Your instructions » Output the records exactly, and drop each picture.

Captioned web images:
====
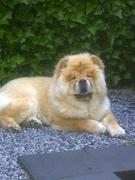 honden foto honden foto van mo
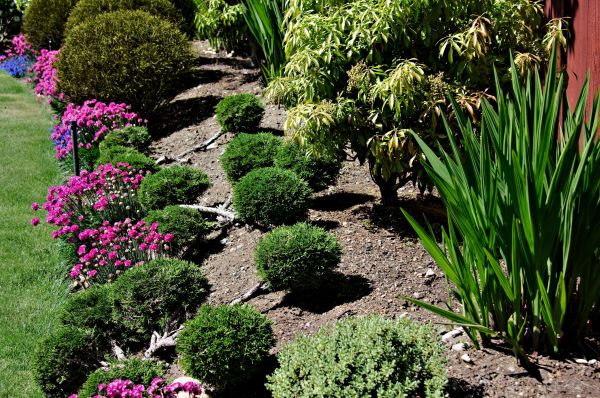 Residential Gardening in Camarillo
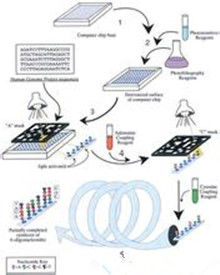 基因晶片技術 基因晶片技術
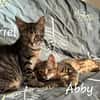 ARIEL et ABBY   Double adoption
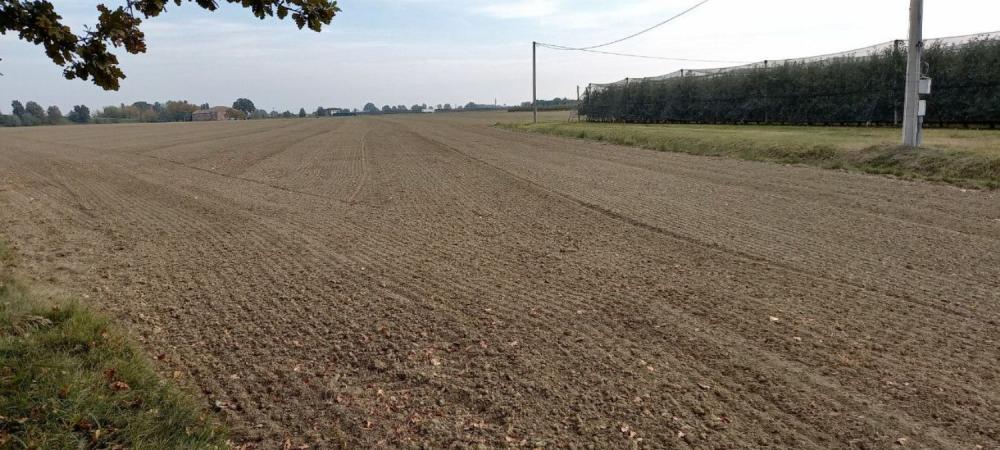 terreno agricolo in vendita ad Argenta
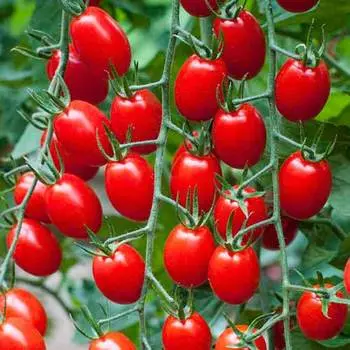 Томат Настя-сластёна F1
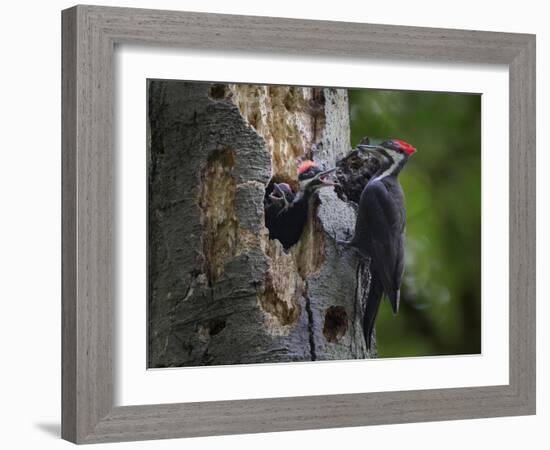 Washington, Female Pileated Woodpecker Aside Nest in Snag with Two Begging Chicks-Gary Luhm-Framed Photographic Print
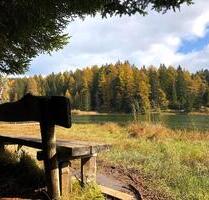 Zwischen Nonstal und Südtirol wo Natur und Erholung zuhause sind - Stuttgart Vaihingen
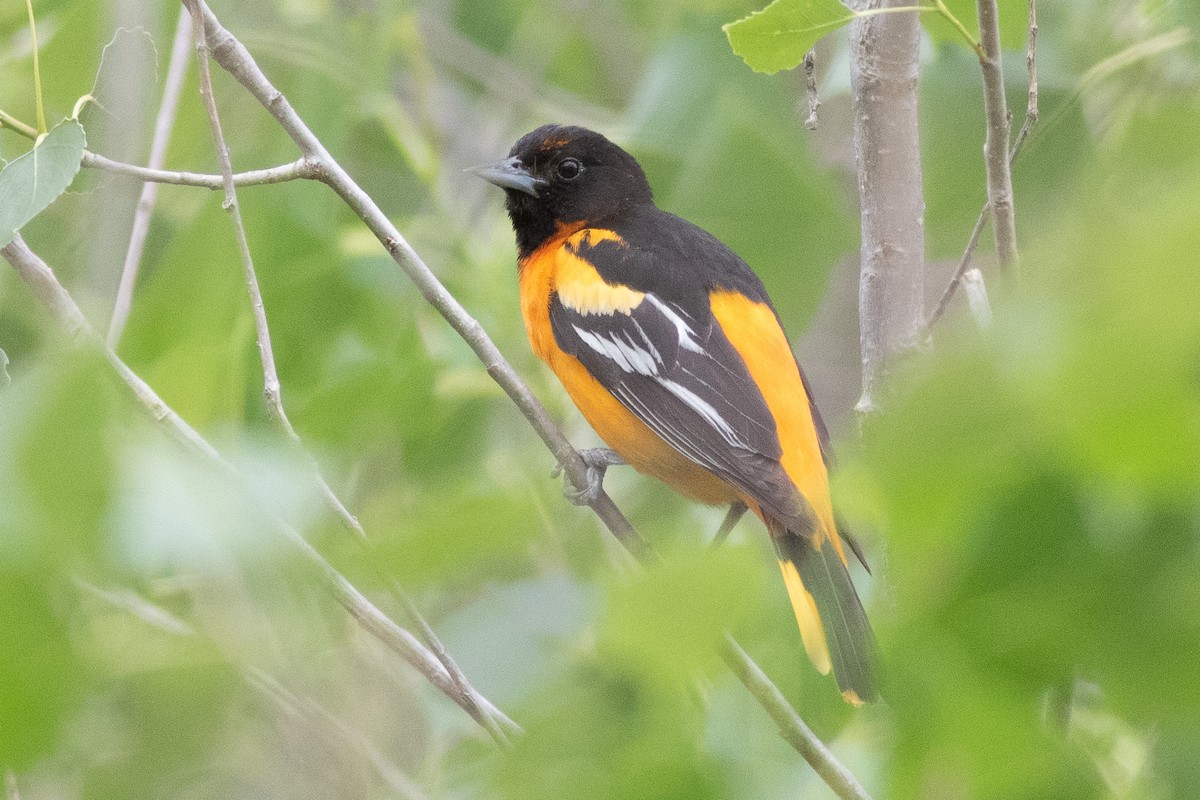 Bullock's x Baltimore Oriole (hybrid) - ML456148241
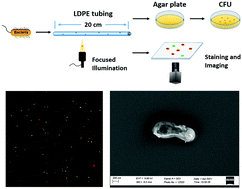 Graphical abstract: Plasmonic photoreactors-coated plastic tubing as combined-active-and-passive antimicrobial flow sterilizer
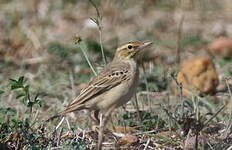 Pipit rousseline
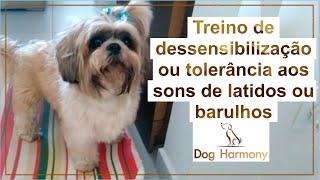 Cães reativos: Treino de dessensibilização aos sons de latidos ou barulhos  Dog Harmony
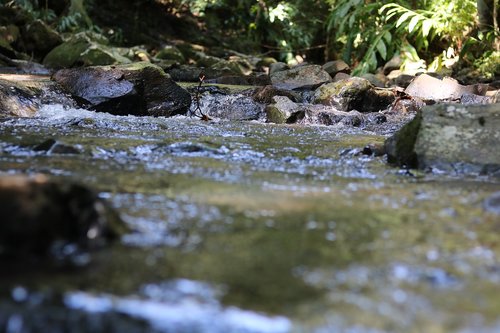 rio  water  nature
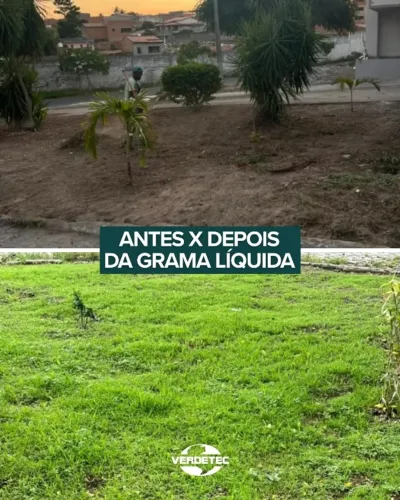 Grama Líquida HIDROSSEMEADURA e Recuperação de Terreno, Gramado e Áreas verdes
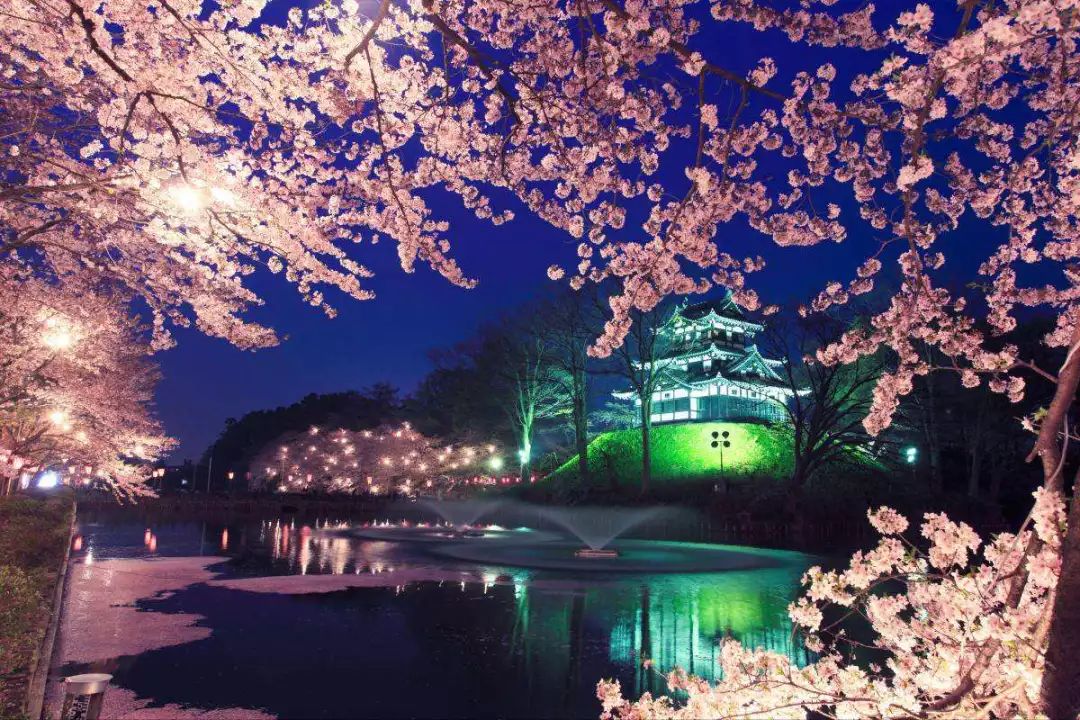 日本赏樱花前三名城市,日本樱花排行榜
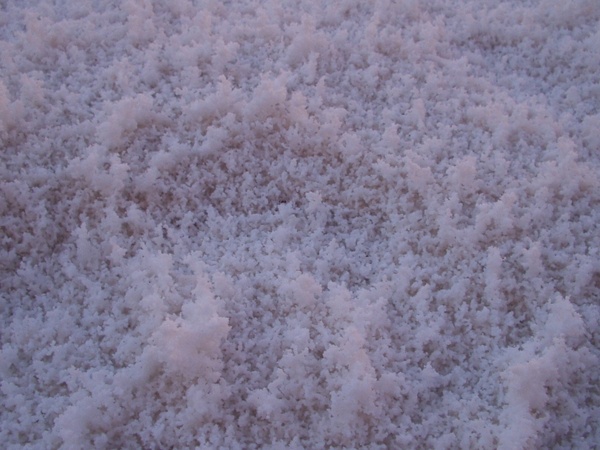 salt salt crust salt lake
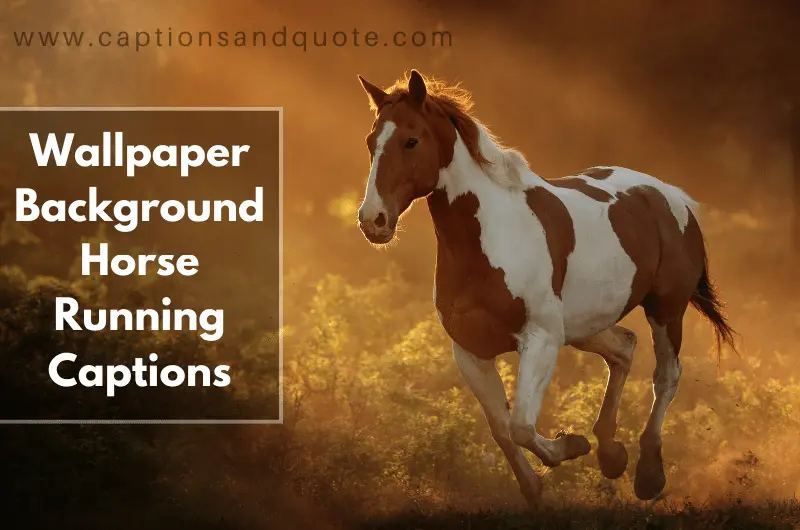 Wallpaper Background Horse Running Captions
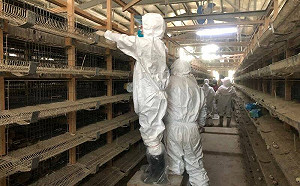 美國人接觸乳牛「罕見染禽流感」H5N1  病毒株開始擴大人傳人？ 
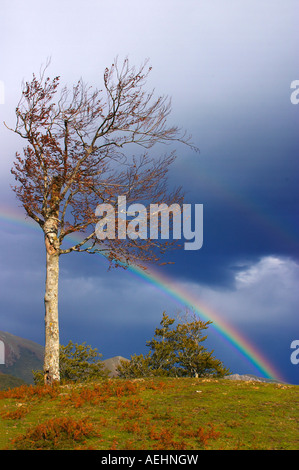 Arco Iris y Haya Quinto Real Kintoa Navarra España Regenbogen und Buche Navarra-Spanien Stockfoto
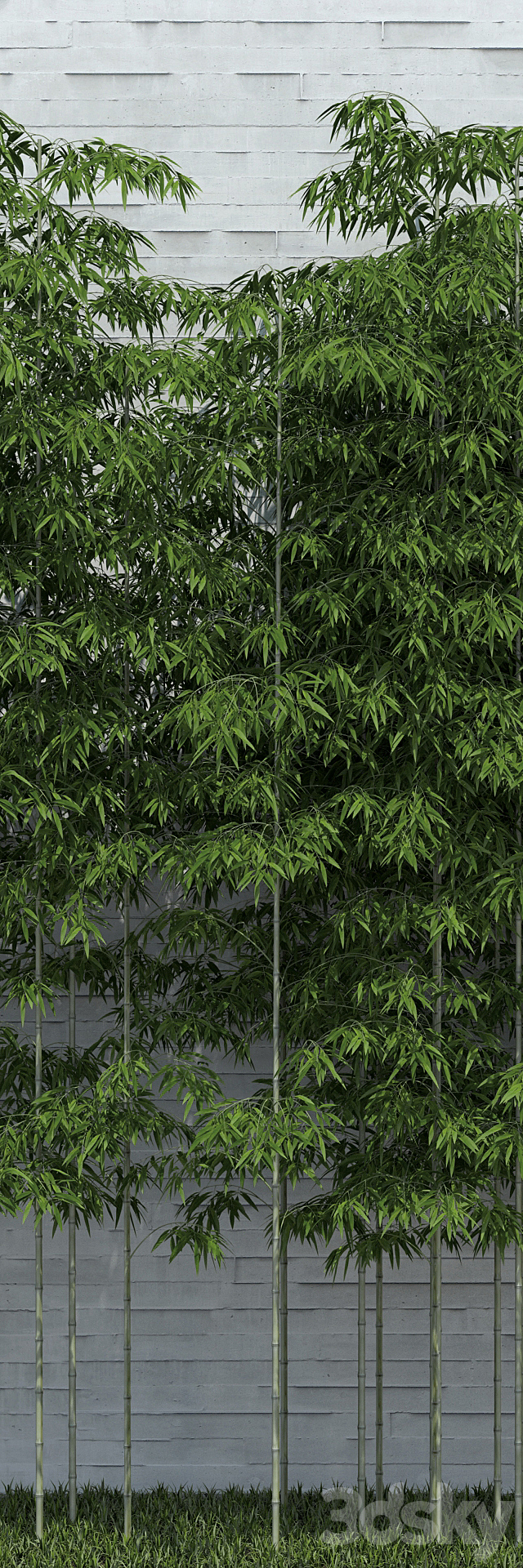 Bamboo Trees for scatter 3ds Max - thumbnail 2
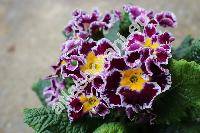 Primula 'Sirocco'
====
Problem solution »
 honden foto honden foto van mo
 Residential Gardening in Camarillo
 基因晶片技術 基因晶片技術
 ARIEL et ABBY   Double adoption
 terreno agricolo in vendita ad Argenta
 Томат Настя-сластёна F1
 Washington, Female Pileated Woodpecker Aside Nest in Snag with Two Begging Chicks-Gary Luhm-Framed Photographic Print
 Zwischen Nonstal und Südtirol wo Natur und Erholung zuhause sind - Stuttgart Vaihingen
 Bullock's x Baltimore Oriole (hybrid) - ML456148241
 Graphical abstract: Plasmonic photoreactors-coated plastic tubing as combined-active-and-passive antimicrobial flow sterilizer
 Pipit rousseline
 Cães reativos: Treino de dessensibilização aos sons de latidos ou barulhos  Dog Harmony
 rio  water  nature
 Grama Líquida HIDROSSEMEADURA e Recuperação de Terreno, Gramado e Áreas verdes
 日本赏樱花前三名城市,日本樱花排行榜
 salt salt crust salt lake
 Wallpaper Background Horse Running Captions
 美國人接觸乳牛「罕見染禽流感」H5N1  病毒株開始擴大人傳人？ 
 Arco Iris y Haya Quinto Real Kintoa Navarra España Regenbogen und Buche Navarra-Spanien Stockfoto
 Bamboo Trees for scatter 3ds Max - thumbnail 2
 Primula 'Sirocco'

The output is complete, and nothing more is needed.